Bazı organları olumsuz etkileyebilir
Hipertansiyonun hedef organlarının atardamarlar, kalp, böbrekler, göz ve beyin olduğunu altını çizen Doç. Dr. Arısoy, Damarlarda; damar sertliği ve harabiyete neden olup darlık ve tıkanıklıklara veya genişlemelere neden olurken, kalpte; kalp krızi, kalp kası kalınlaşması ve kalp yetmezliğine, böbreklerde; böbrek yetmezliğine kadar giden hasara, gözlerde; körlüğe kadar giden hipertansif retinopatiye, beyinde ise kanama ve inmeye (felç) neden olabilmektedir” açıklamasında bulundu.
Farkında olmadan da oluşabilir
Hipertansiyon hastalarının büyük bir kısmının hastalıklarının farkında olmadığını dile getiren Doç. Dr. Arısoy,
“Oluşturduğu şikâyetler çoğunlukla siliktir veya geç dönemde ortaya çıkmaktadır. Yani şikâyetler çıkmaya başladığında tansiyon çok yükselmiş veya organ hasarı gelişmiş olabilir. Bu yüzden “sessiz katil” olarak adlandırılır. Yalnız hastaların bir kısmı tansiyon yüksekliğine bağlı şikâyetler hissedebilmektedir” diye konuştu.

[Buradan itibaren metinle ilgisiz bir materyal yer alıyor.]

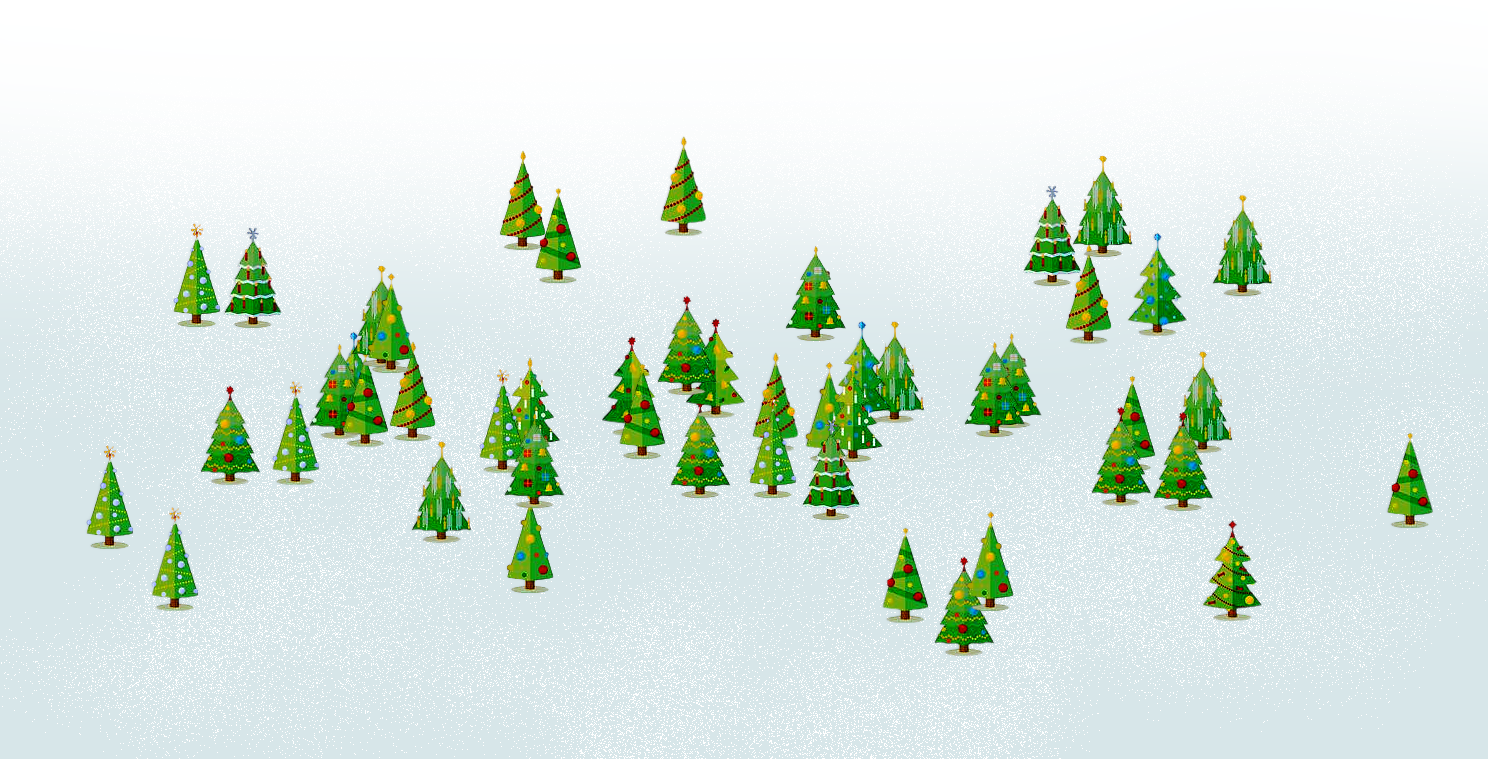 x-mas_trees_example.png
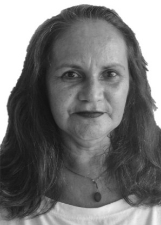 Foto de ELIANA DE SOUZA BARATA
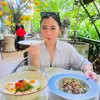 Prilly Latuconsina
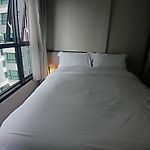 The Base Central Pattaya By Uricity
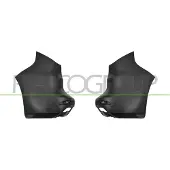 PRASCO RN9241155 Achterbumper
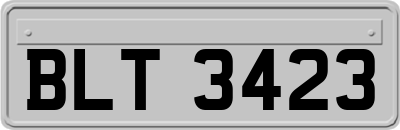 BLT3423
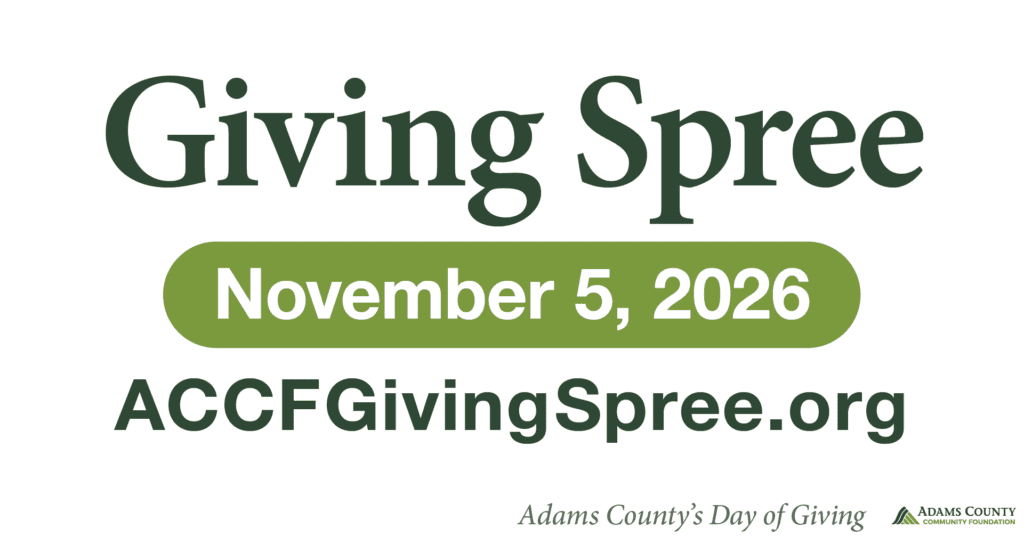 2026-giving-spree-facebook-event-cover-1920x1005px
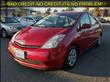 2006 Toyota Prius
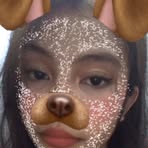 Gina Go - Facebook
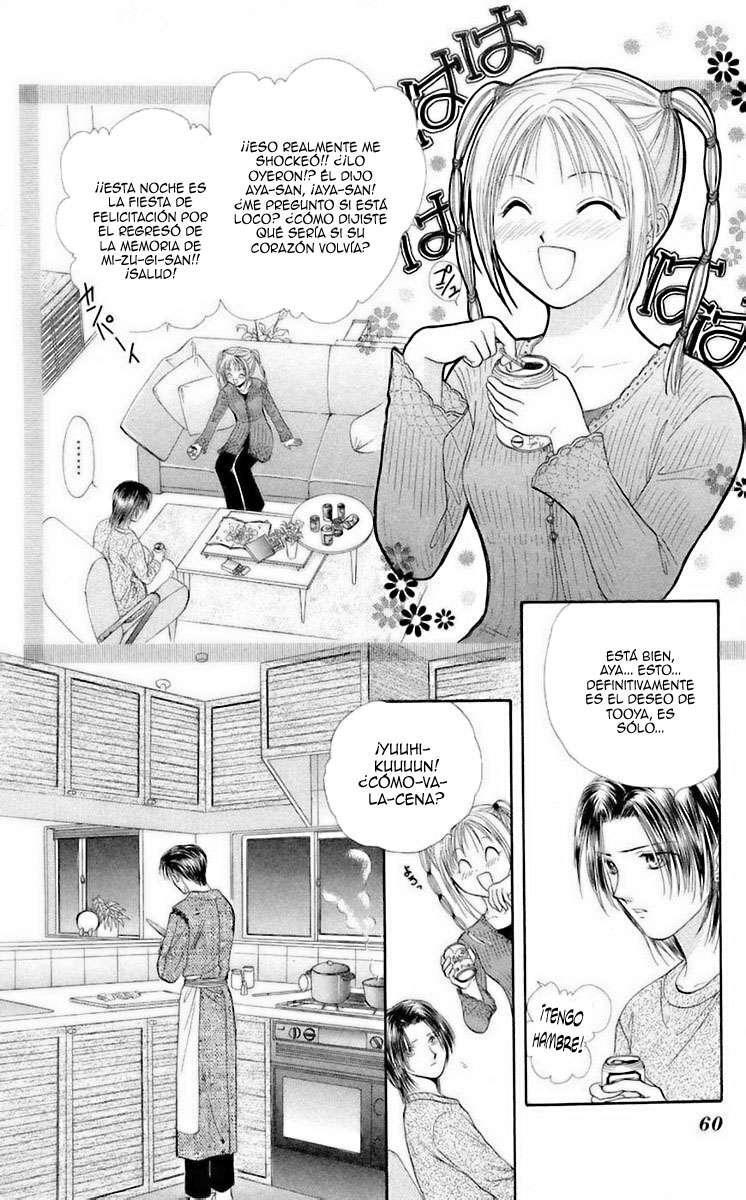 Capitulo 43 page 27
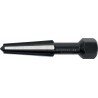 Extracteur de vis 2 dents filetage à droite et à gauche taille 6 RENNSTEIG 1 PCS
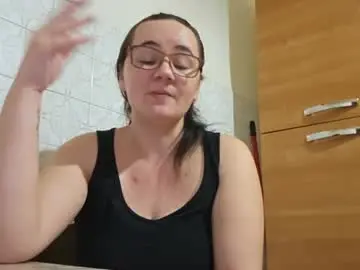 Likechoco  live sex cam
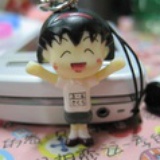 喵喵baby。
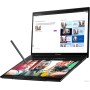Рабочая станция ASUS Zenbook 14 Duo OLED UX8406CA-QL221W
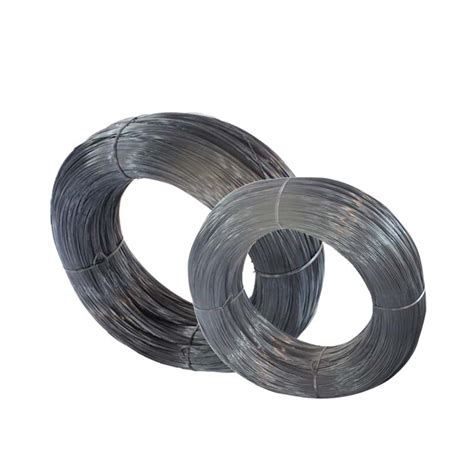 Carbon Steel Wire Rods Prestressing Steel Wire Rods Diameter Mm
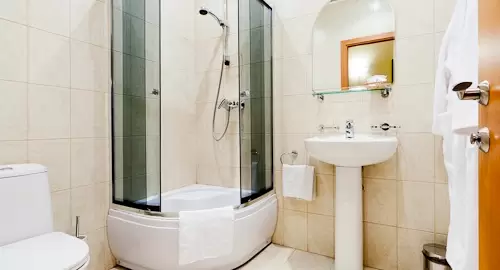 Аллегро, фото 13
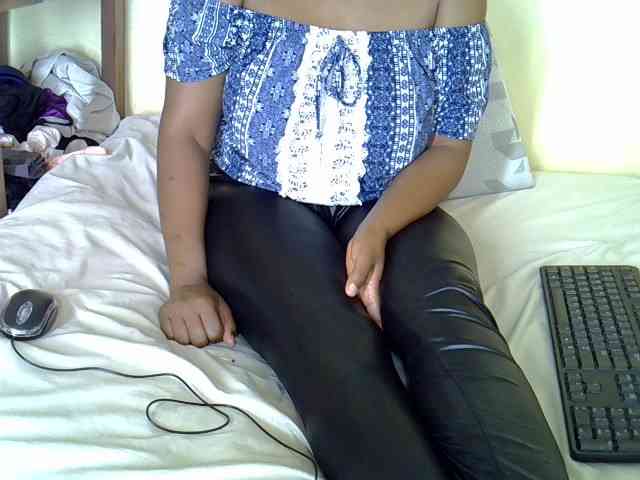 Queenlacey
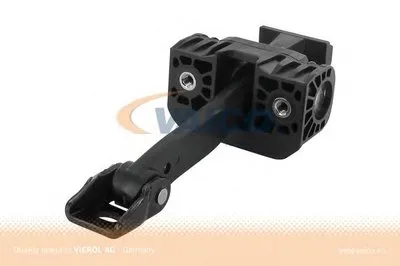 Фиксатор двери VAICO купить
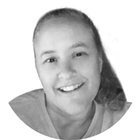 Karen Baker, LMFT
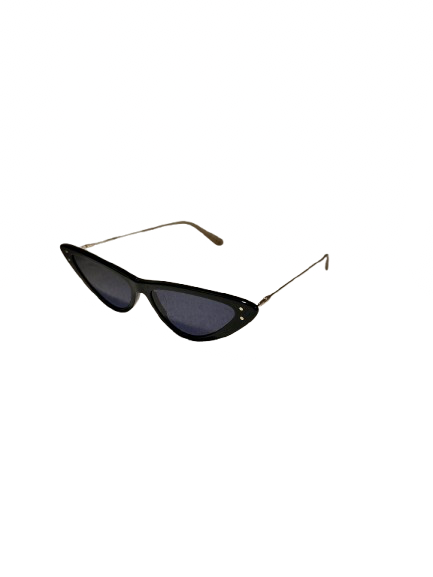 Dior Cat-Eye Sunglasses (Brand New)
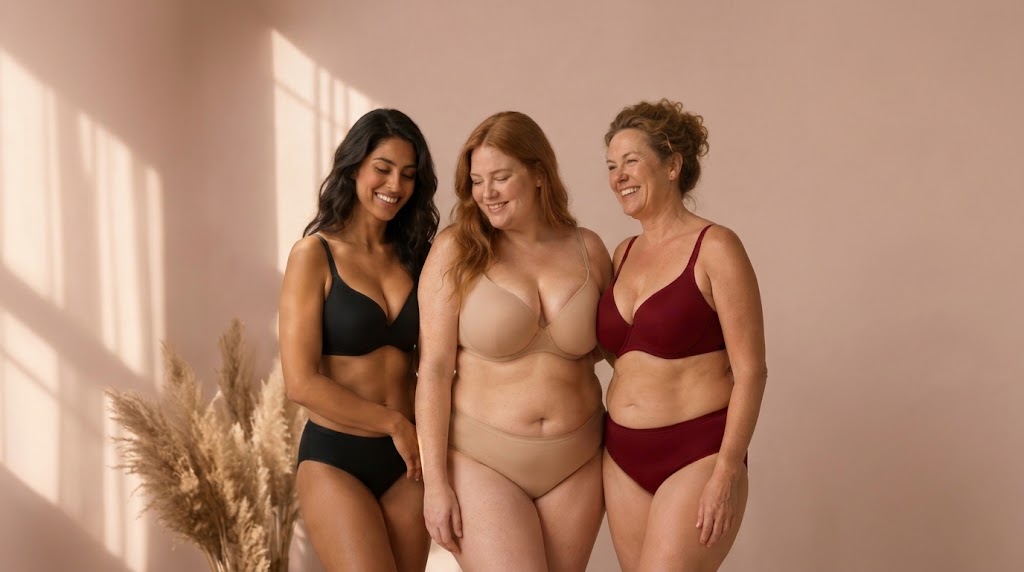 SOVEA - Rasuradora para mujer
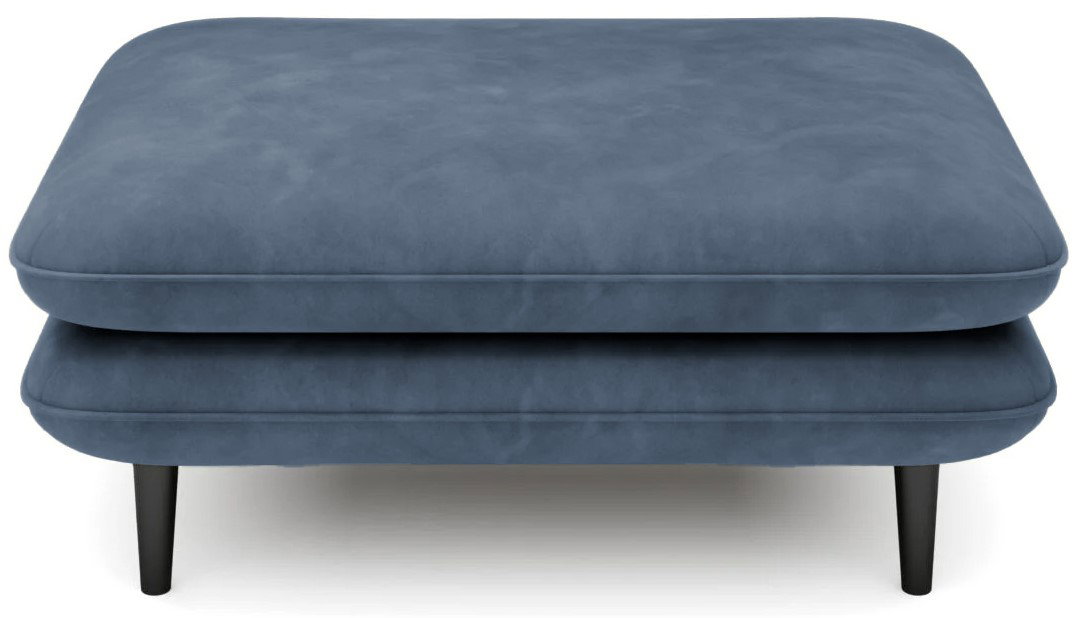 image_883272_element2301.solano.pouf Πουφ Sirano-Mple - Image 1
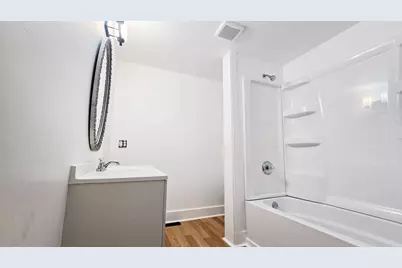 117 N Maple, Bannister, MI 48807 - Photo 5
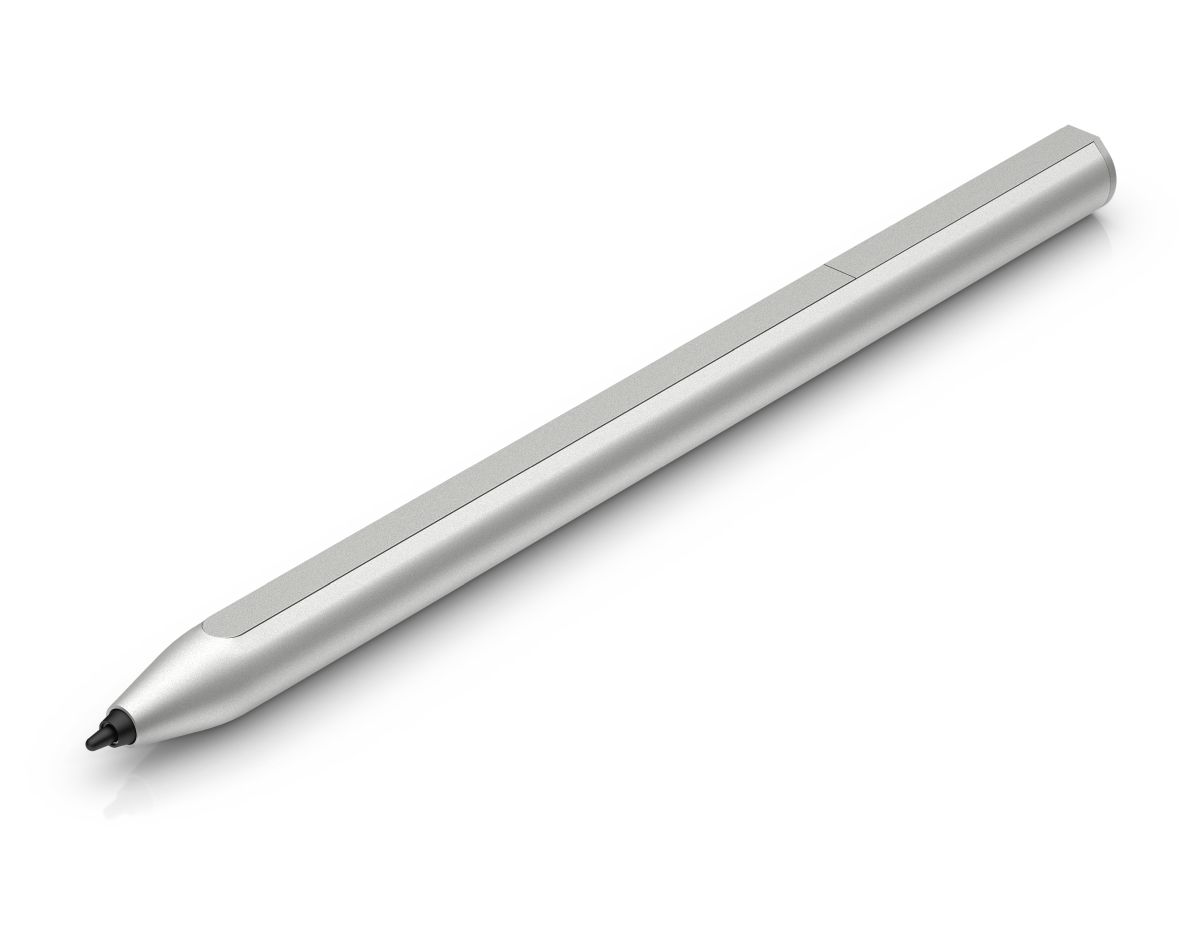 HP Rechargeable USI Pen (8NN78AA)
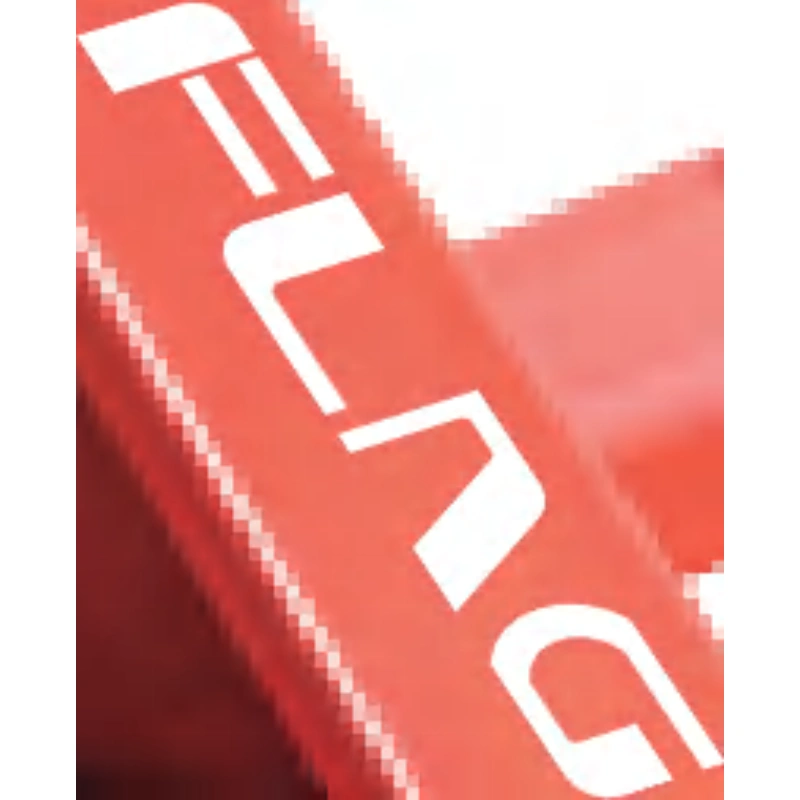 1.53.0t-Hand-Pallet-Truck-CBD-Series-logo-For-Material-Handling Manufacturer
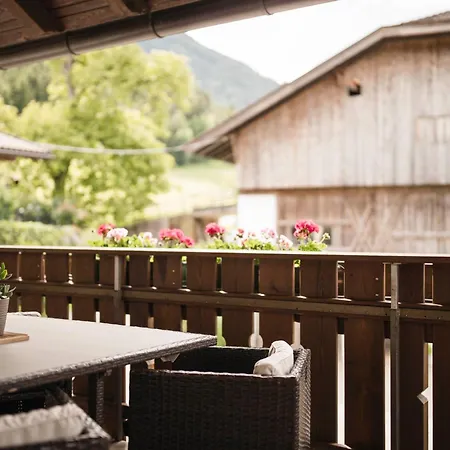 Oberhuberhof-2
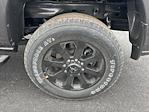 New 2026 Ram 2500 Big Horn Crew Cab for sale #TG230911 - photo 24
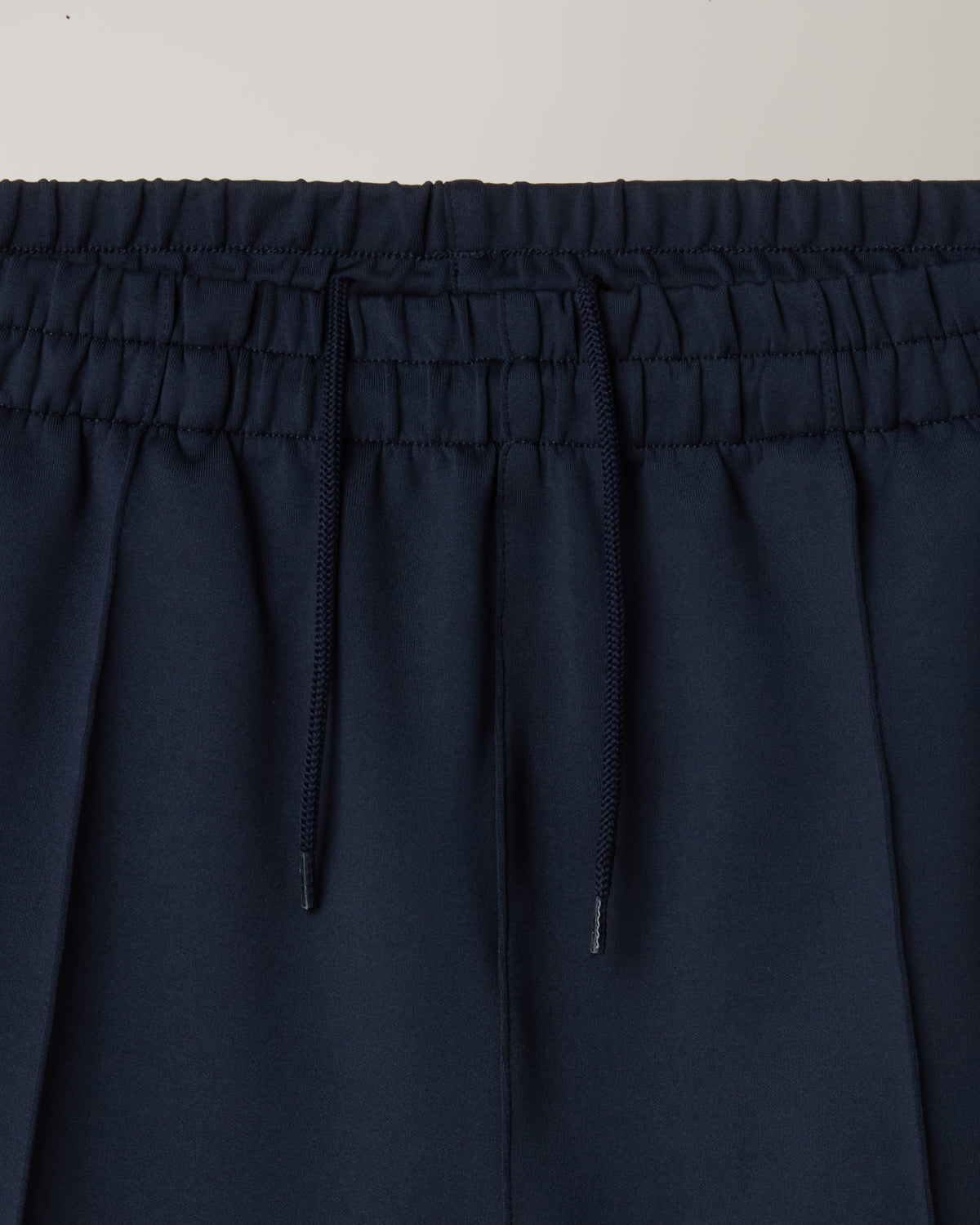Australian Blue Tape Short Eclipse Blue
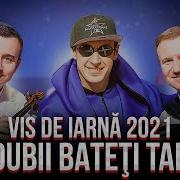 Zdob Si Zdub 2021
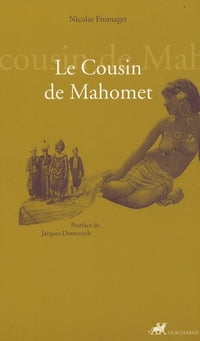 LE COUSIN DE MAHOMET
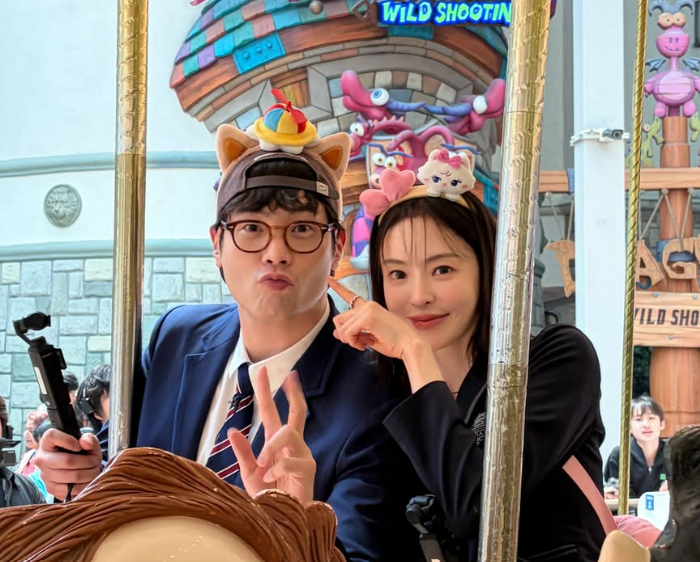 사진=최다니엘 채널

Çocuklarda hipertansiyon çok tehlikeli olabilir
Çocuklarda hipertansiyon hastalığı, sık görülen sağlık problemleri arasında yer alıyor. Yüksek tansiyonun temeli çocukluk çağında atılırken, erişkinlerde görülen tansiyon vakalarının birçoğunu çocukluk ve ergenlik döneminde başlayan ancak fark edilmeyen hipertansiyon oluşturuyor. Sinsi bir şekilde belirti vermeden ilerleyen çocukluk çağı hipertansiyonunun teşhis edilebilmesi için çocukların tansiyonlarının herhangi bir rahatsızlıkları yoksa 3 yaşından itibaren belli aralıklarla ölçülmesi gerekiyor. Yaşam tarzı ve beslenme düzeni sağlıklı bir hale getirilen çocuklarda yüksek tansiyon görülme sıklığı ise azalıyor. Çocuk Nefroloji Bölümü’nden Uz. Dr. Gökçe Can, çocukluk çağı yüksek tansiyonu ile ilgili bilgi verdi.
Çocuklarda hipertansiyon yaşam biçimi ve beslenme ile ilişkilidir
Kanın atar damarlar içinde meydana getirdiği basınç olan tansiyonun yüksek çıkması önemli bir sağlık sorunu olup, başka hastalıklara da kapı aralamaktadır. Her ne kadar yetişkin hastalığı olarak bilinse de aslında yüksek tansiyon, temelleri çocukluk çağında atılan bir rahatsızlıktır. Yapılan çalışmalar, tansiyonun kişinin yaşam biçimi ve beslenme tarzı ile yakından ilişkili olduğunu gösterirken; çocuk ve ergenlerin beslenme alışkanlıklarının değişmesi, sedanter bir yaşam tarzı benimsemeleri ve obezite oranlarının yükselmesi ile birlikte çocuklarda hipertansiyon görülme sıklığında artış yaşandığını ortaya koymaktadır.
Çocukluk çağında kan basıncı tıpkı boy ve kilo ölçümünde olduğu gibi persentil eğrileri ile değerlendirilir. Yani çocuklarda normal tansiyon değerleri yaş, cinsiyet ve boya göre değişkenlik gösterir. Persentil eğrisinde belirlenen değerlerin üzerinde çıkan tansiyon, çocuklarda hipertansiyon olarak kabul edilmektedir. Ülkemizde neredeyse her 10 çocuktan birinde hipertansiyon izlenmektedir.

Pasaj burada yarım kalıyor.